Bewertung des Wasserwerfer-Einsatzes
Besonders besorgniserregend war die Präsenz von zwei Wasserwerfern im Innenraum des Stadions. Der Einsatz solcher Mittel bei einem Fußballspiel wirft Fragen zur Verhältnismäßigkeit auf, da Wasserwerfer in der Regel für großflächige Einsätze vorgesehen sind und dabei auch Unbeteiligte getroffen werden könnten. Zudem stellt sich die Frage, ob eine solche Maßnahme in einem Stadionumfeld, in dem sich Tausende von Menschen auf engem Raum befinden, tatsächlich zur Deeskalation beiträgt. Angesichts der Art des Protests, bei dem hauptsächlich Pyrotechnik und Tennisbälle auf das Spielfeld geworfen wurden und nach unseren Informationen niemand verletzt wurde, bleibt offen, ob der Einsatz dieser Fahrzeuge notwendig war oder ob andere Mittel zur Beruhigung der Situation hätten ausreichen können.

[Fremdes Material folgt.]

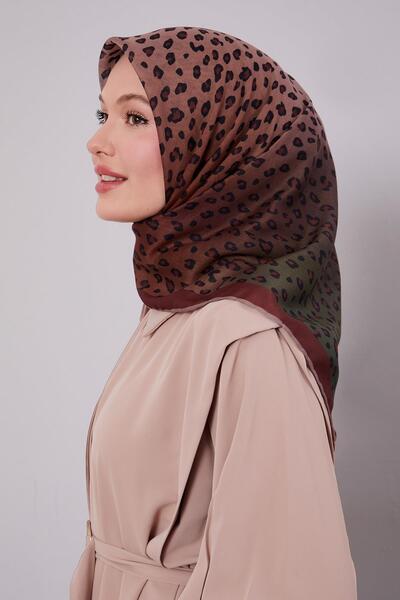 Levidor Brown Leopard Pattern Soft Scarf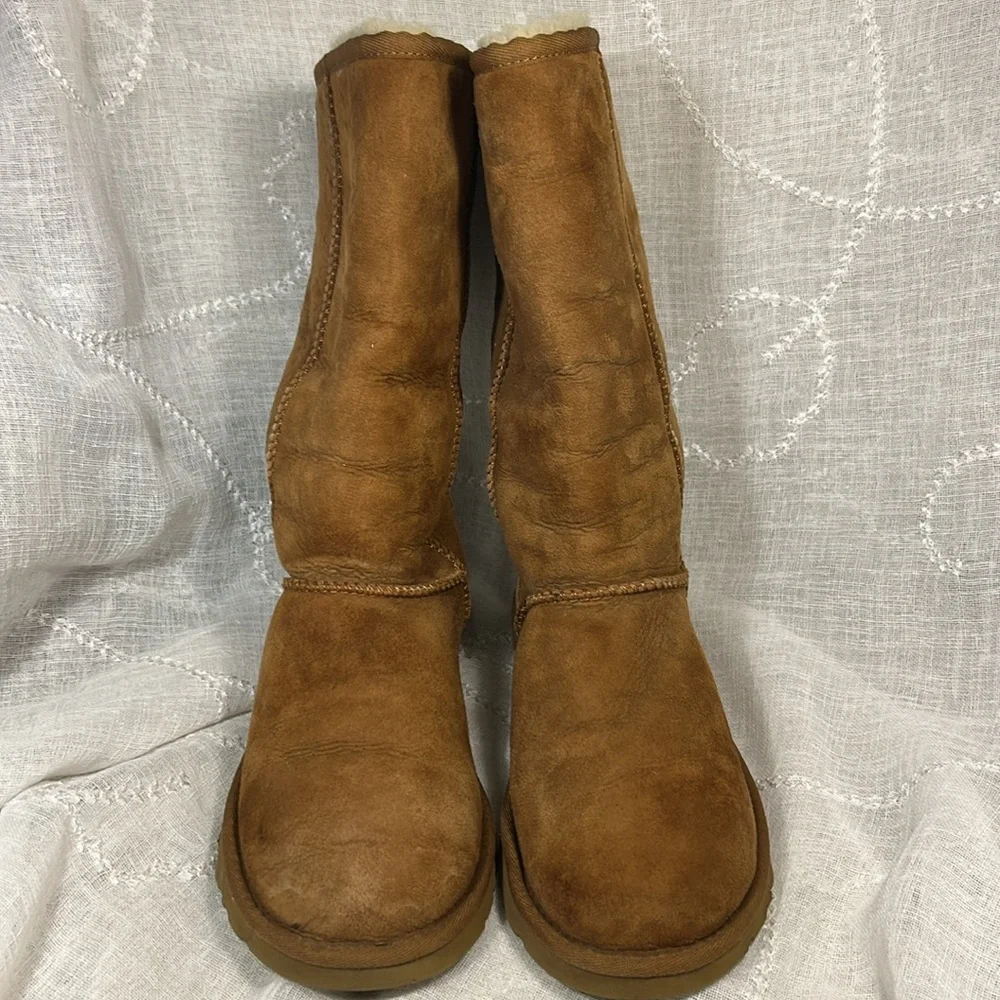 UGG almost new leather sheep skin boots
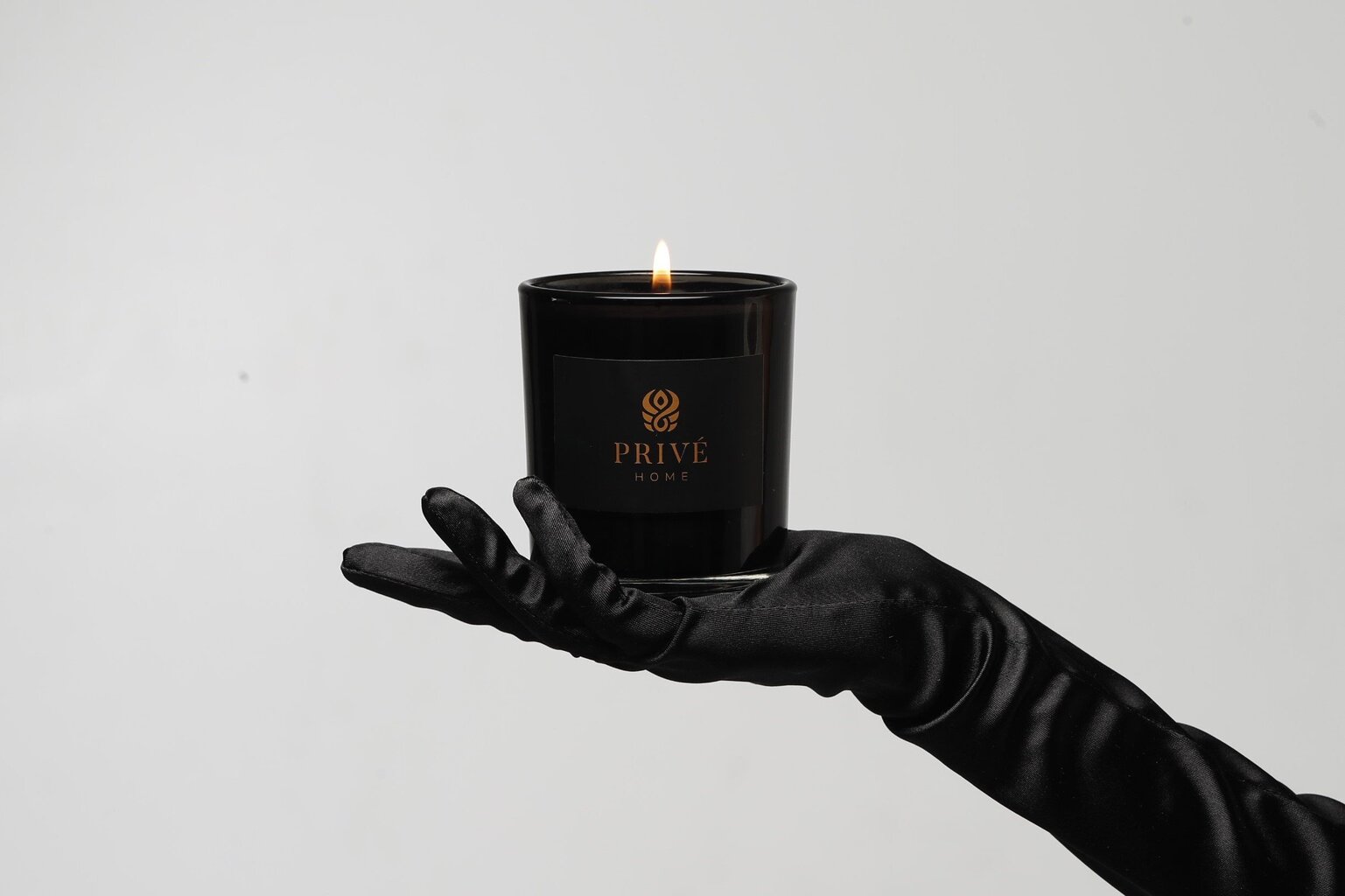 Kvapioji žvakė - Black Wood 280 g kaina ir informacija | Žvakės, Žvakidės | pigu.lt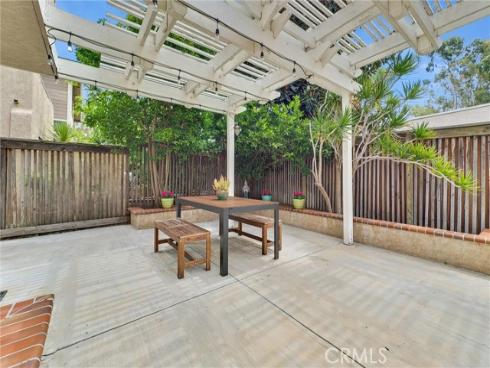 22622  Wood Shadow   Lane, Lake Forest, CA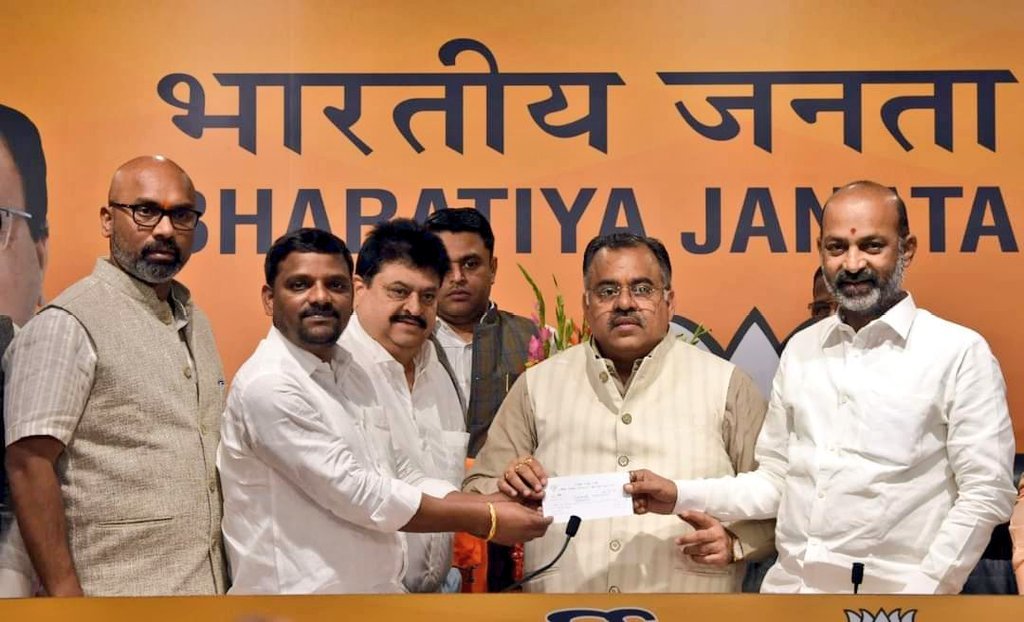 Teenmaar Mallanna Joins BJP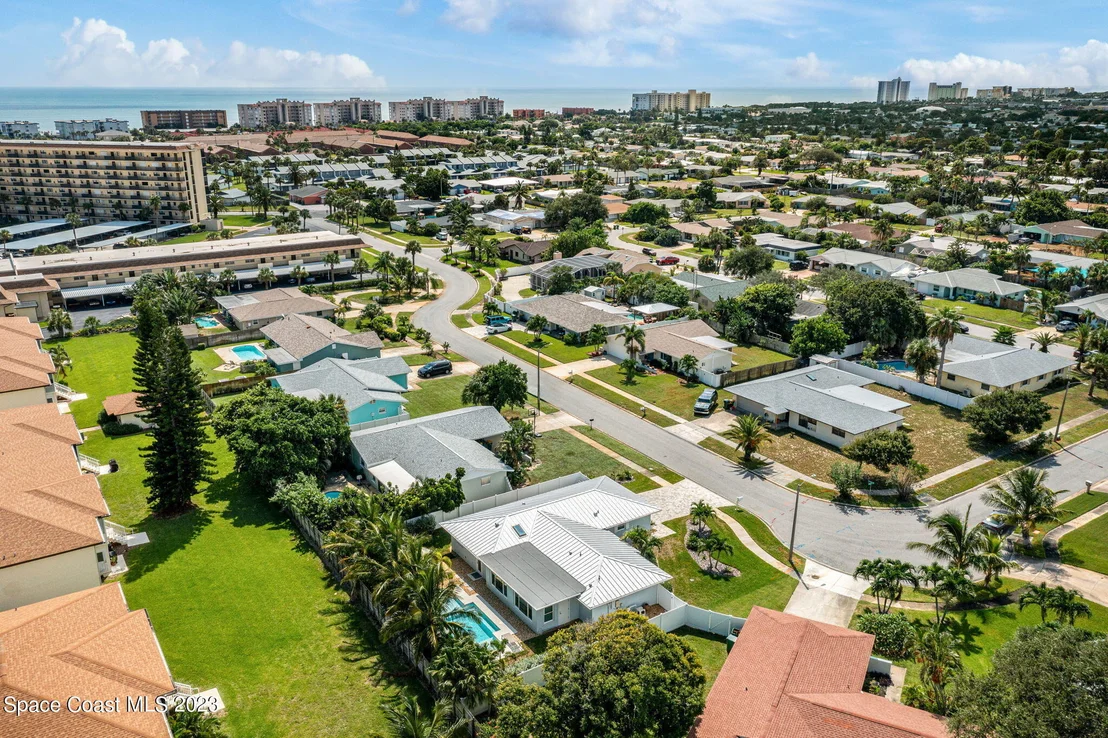 Photo of 543 Biscayne Drive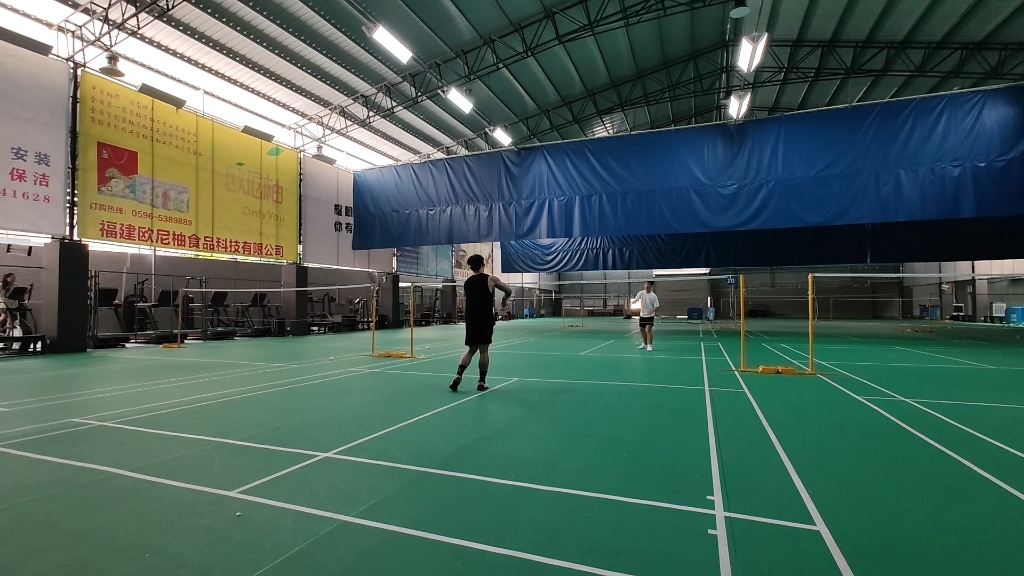 羽毛球单打 badminton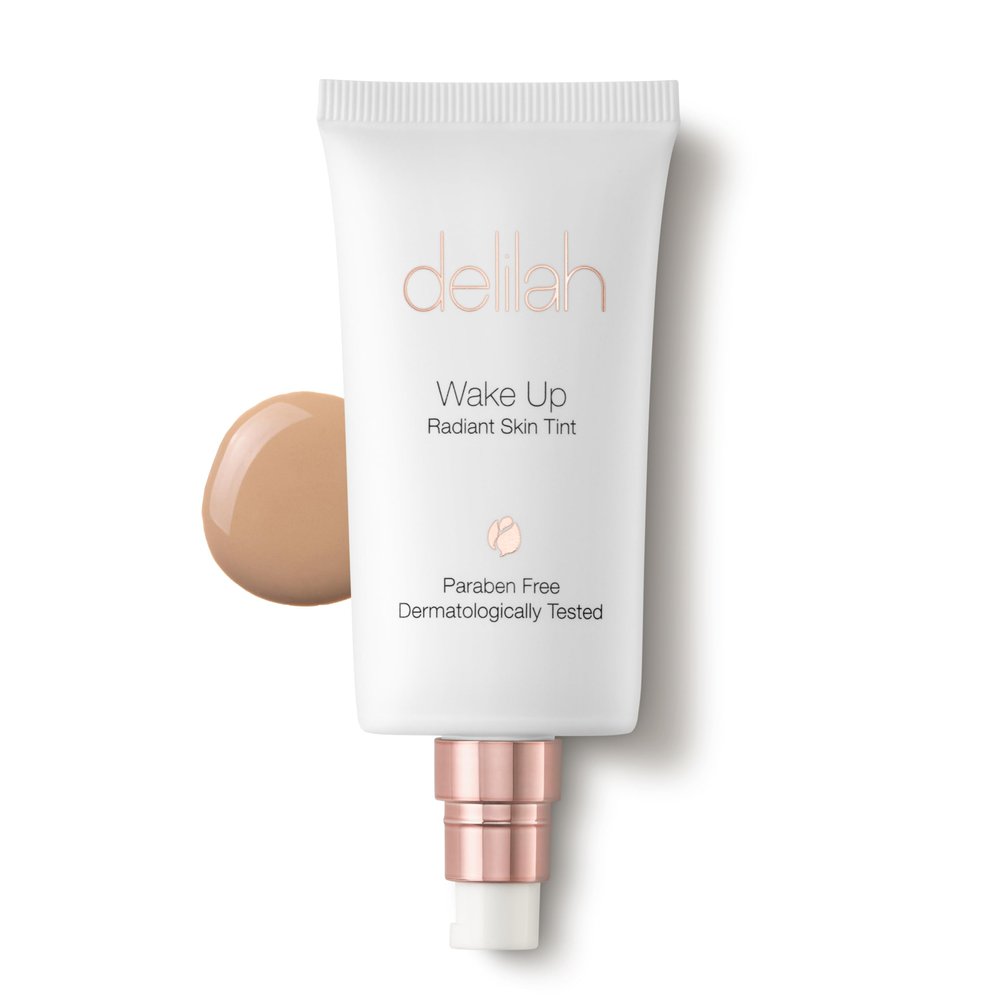 delilah Wake Up Radiant Skin Tint - Lightwieght formula (Bronze)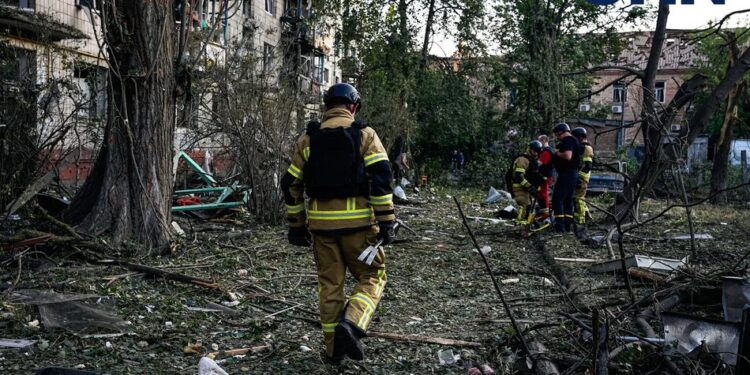 Зеленський відреагував на масовану атаку рф на Київ, наголосивши на критичності питання ППО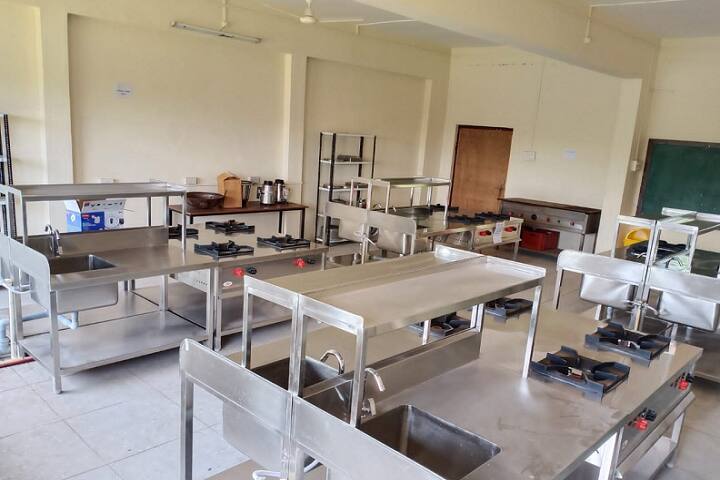 Haribhau Jawale Institute of Hospitality Management and Catering Technology campus in Jalgaon, Maharashtra, India — photo 2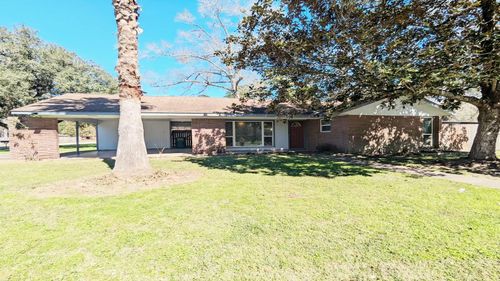 102 Pin Oak Ln, Liberty, TX, 77575-9106 | Card Image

Das Derby endete sportlich unentschieden, doch die Ereignisse abseits des Spielfelds werfen Fragen zur Sicherheitspolitik und zum Umgang mit Fanprotesten auf. Die unterschiedlichen Darstellungen von Polizei und Fanhilfe Hannover verdeutlichen die Notwendigkeit einer transparenten Aufarbeitung der Vorkommnisse, um zukünftige Eskalationen zu vermeiden und das Vertrauen zwischen Fans, Vereinen und Sicherheitskräften zu stärken.